Der SVLFG-Vorstand hatte Mitte Oktober entschieden, für die Zeit von September bis zu einer Gesetzesänderung Altersrenten vorläufig zu gewähren. Damit hatte der Vorstand Forderungen aus den Reihen der Betroffenen und der Verbände Rechnung getragen, den nach der Bundesverfassungsgerichtsentscheidung im August ergangenen Bewilligungsstopp aufzuheben. Die vorläufigen Rentenzahlungen erfolgten individuell in der aktuell gesetzlich vorgesehenen Höhe, jedoch bei Regelaltersrenten ohne den Zuschlag für eine spätere Inanspruchnahme der Rente. Bestehende Ansprüche sind jedoch nicht verloren gegangen. Sie werden nun mit der endgültigen Entscheidung festgesetzt.
Mit der Neuregelung ab 1. Januar 2019 wird der Rentenzuschlag wegen späterer Inanspruchnahme der Regelaltersrente abgeschafft. Wie die SVLFG am 3. Dezember zudem klarstellte, haben Bezieher einer vorzeitigen Altersrente Bestandsschutz. Damit gilt die mit der Abschaffung der Hofabgabever-pflichtung beschlossene Anrechnung von Hinzuverdiensten auf vorzeitige Altersrenten nicht für diejenigen, deren Anspruch bereits am 31. Dezember 2018 Bestand hat.

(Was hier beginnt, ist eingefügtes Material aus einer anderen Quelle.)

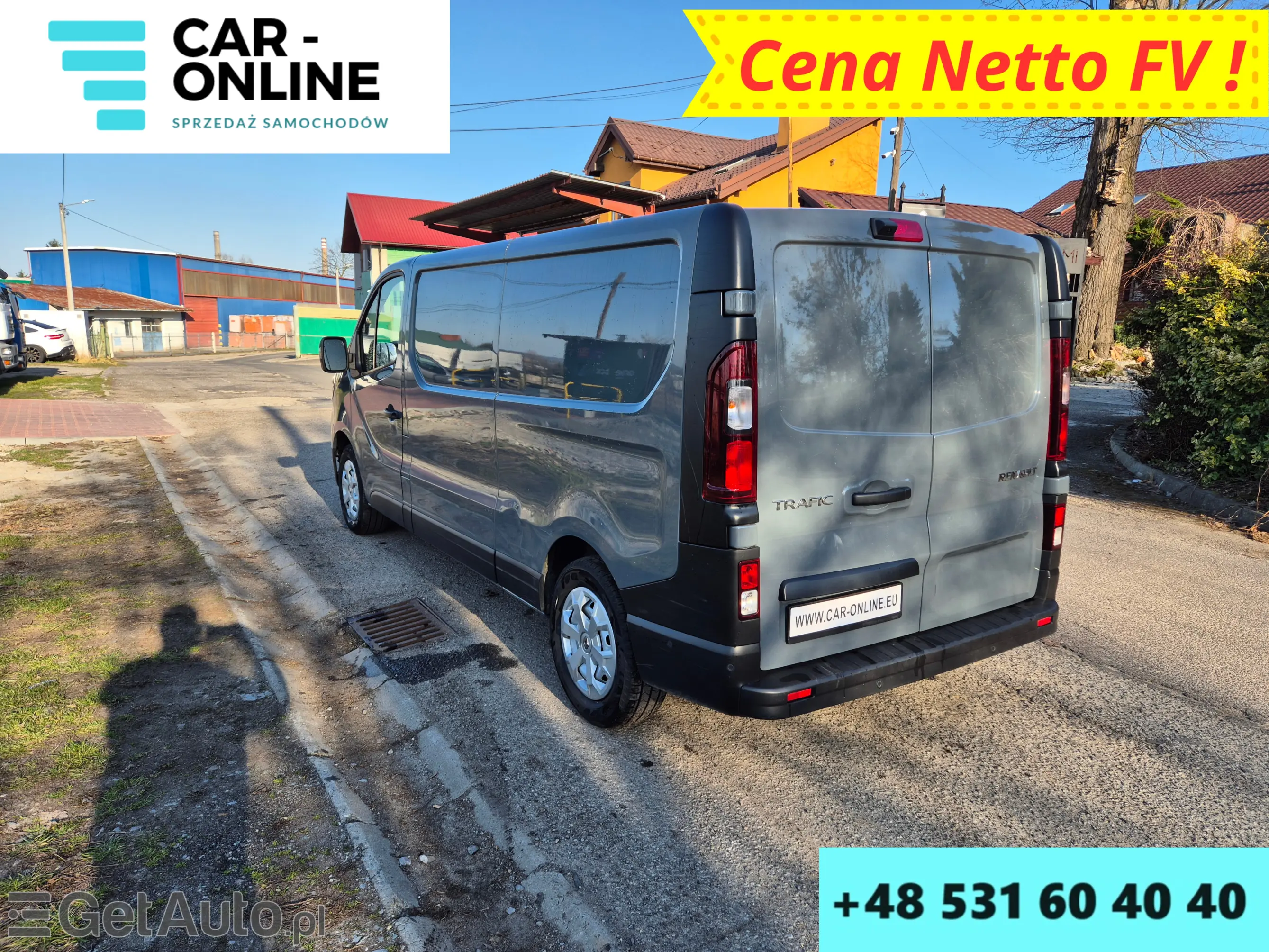 RENAULT Trafic 
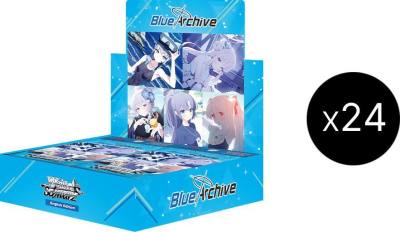 Blue Archive Booster Box Case Blue Archive Card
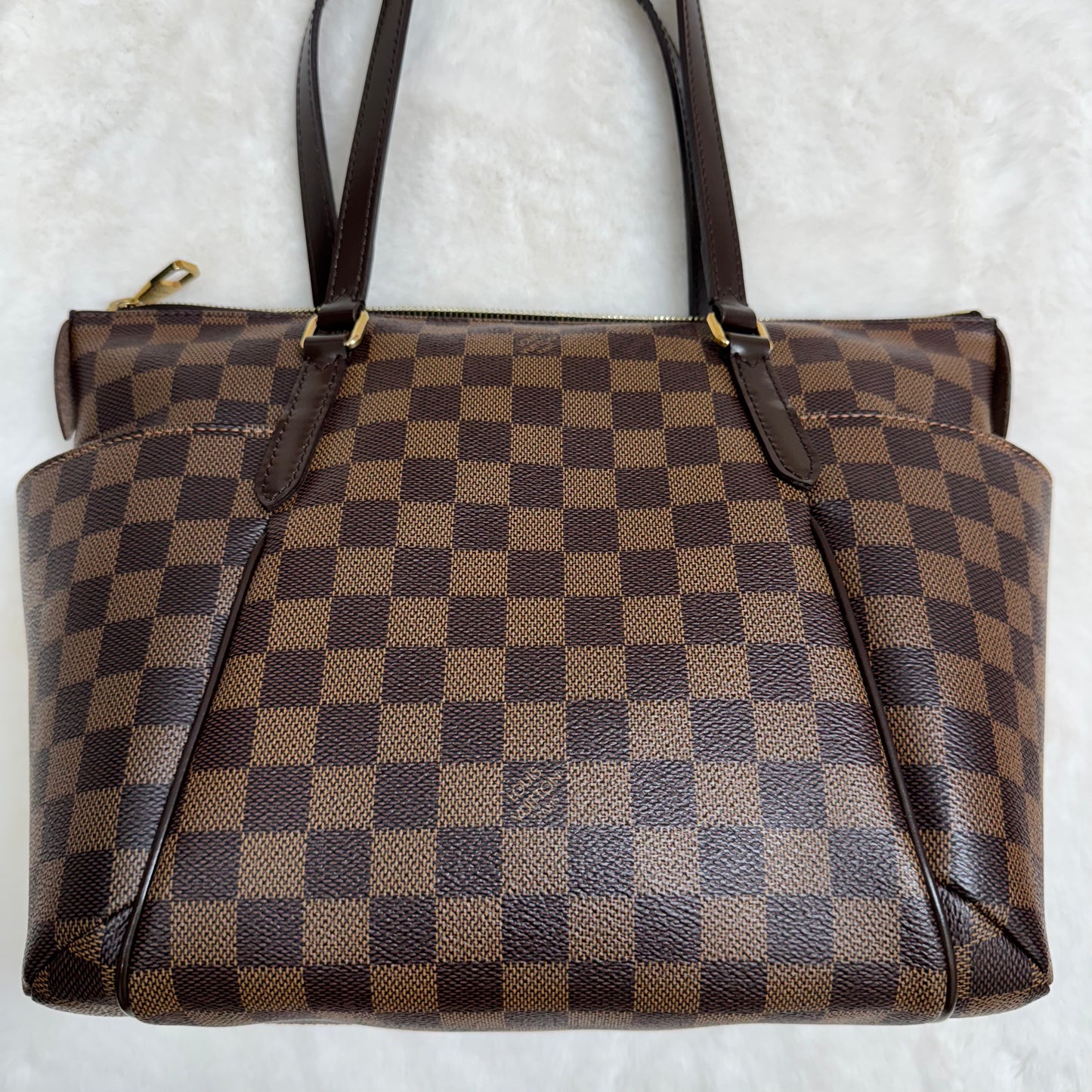 Louis Vuitton Brown Damier Ebene Tote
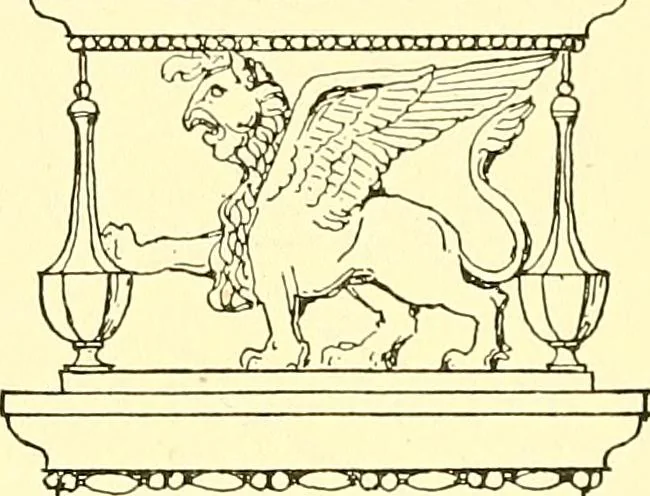 An illustration from A history of ornament .., 1916, leaf 65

Ältere Landwirte, die ihren Hof weiterbewirtschaften, weist die Sozialversicherung auf Konsequenzen für deren Krankenversicherung hin. Für sie gelte nicht die Krankenversicherung der Rentner (KvdR). Stattdessen müssten sie weiter ihren Beitrag als landwirtschaftliche Unternehmer zahlen. Zudem seien Beiträge aus außerlandwirtschaftlichen selbstständigen Erwerbstätigkeiten sowie weiteren Renten und Versorgungsbezügen zu zahlen. Laut SVLFG können diese Beiträge insgesamt höher ausfallen als die zu erwartende Rente aus der Alterssicherung der Landwirte. Betroffenen wird daher eine Beratung durch die Alterskasse empfohlen.